So your fact-checking LLM is also vulnerable to injection and unethical prompting then when it ingests website text. And a Google search is far, far away from fact checking, particularly for the subtle errors that GPT-4 is prone to making.


Seems too good to be true, and I don't understand what it even means for an LLM to be unbiased.


One with only weights and no biases in the ANN is unbiased.


Someone I know thought that LLaMA was unbiased because they 'read' the paper and clearly didn't know what anything meant. A great example of "a little knowledge is a dangerous thing".


I feel like this went underappreciated. [b] = [0] indeed.


"Unbiased" almost always means "has biases that are similar to mine". I can't think of very many exceptions to that, frankly.

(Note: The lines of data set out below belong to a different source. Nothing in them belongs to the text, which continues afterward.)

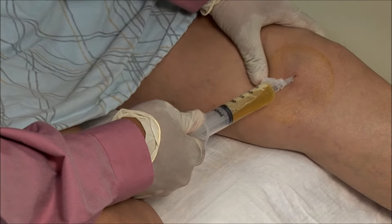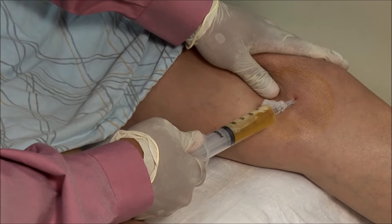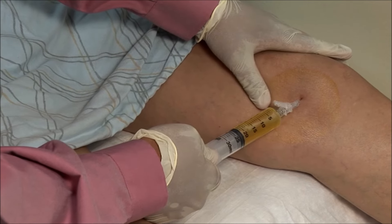I am massaging the knee a bit to see if I can get any additional fluid. I got just about 22 mils.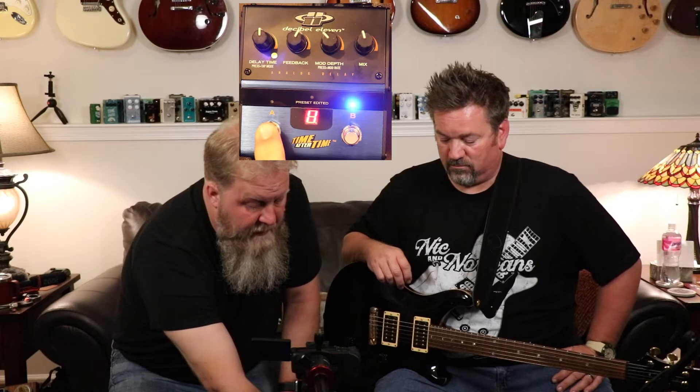So now we have tap tempo turned on for preset 11. When I go to hit the button, it's going to be taking tap input — it's not going to take me to the next preset. What you have to do is hold it down, and then it kicks us to preset one. Notice the dots — to engage preset one I have to hit that again. It maybe doesn't sound that complicated, but it took us a while to figure that out.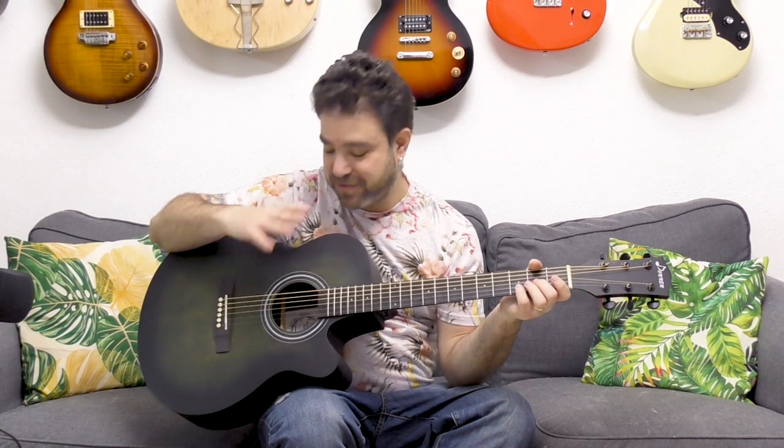Usually, guitars that cost a hundred and fifty dollars feel like they're made of paper. They don't retain their tuning or their setup. They sound awful and they're not really comfortable to play. And this guitar is just off the charts in terms of value for money.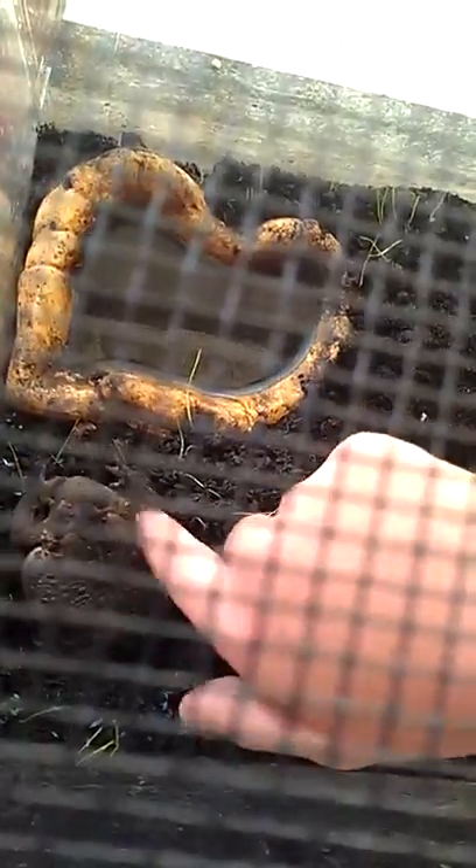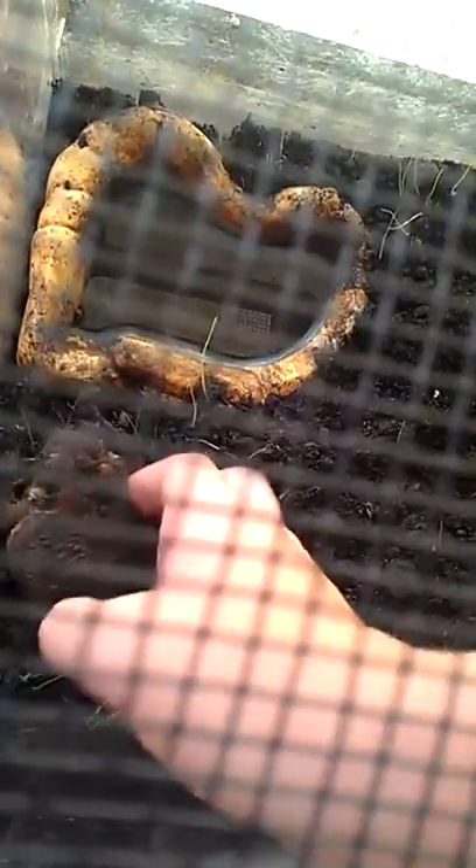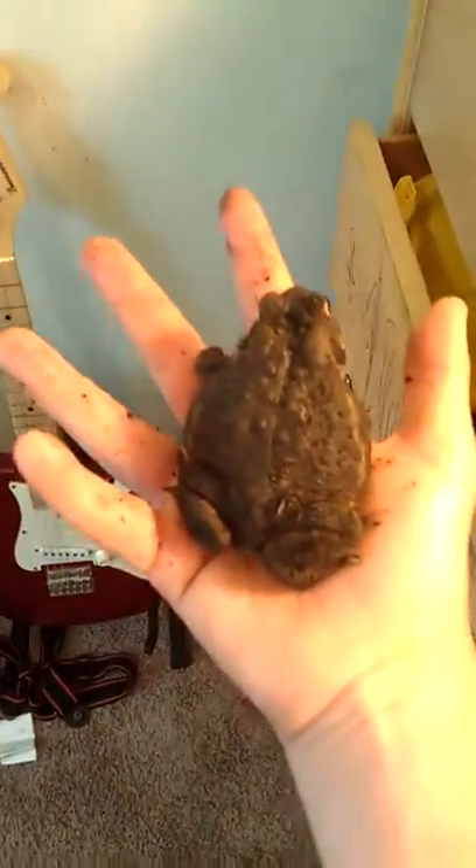We'll pop him out. We'll get him out and clear him off. We'll pick him up. This is comparison to my hand. He's a pretty decent size — he's a big boy.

That's obviously untrue after more than three seconds of critical thought


It's not obvious to me. If you have a proof that it's possible to have unbiased views of objective reality, please share it.


I've thought about it for four seconds now and I still agree with him. Maybe if you shared an example instead of a unsubstantiated put down it would help.


There are many bias detectors developed in the research world. To have a deeper look, you can look at this paper: https://arxiv.org/abs/2208.05777


It doesn't. Mean anything, I mean. Language isn't well defined, so its accuracy is also undefined and a non-uniform deviation from that accuracy is super undefined.


They could use different models to test it. They could use common biases and test those.


This is like saying, "I've developed a new compass for a deep space probe to help it find North!"

Our society is actively declaring that falsehoods are truth, and should be celebrated. We're hallucinating ourselves. All this software does is make sure LLMs hallucinate with us.


Before long, we could end up with left-leaning and right-leaning AIs autonomously fighting the 'culture war' over social media, much more advanced than simple bots spamming copy+paste comments.

Combined with ever-improving ways to fake video and voices, things could get even uglier than they've been over the last few years.


Alternatively, we're reaching the point where we're creating a secondary AI to keep the first AI in check, like Wheatley and Glados.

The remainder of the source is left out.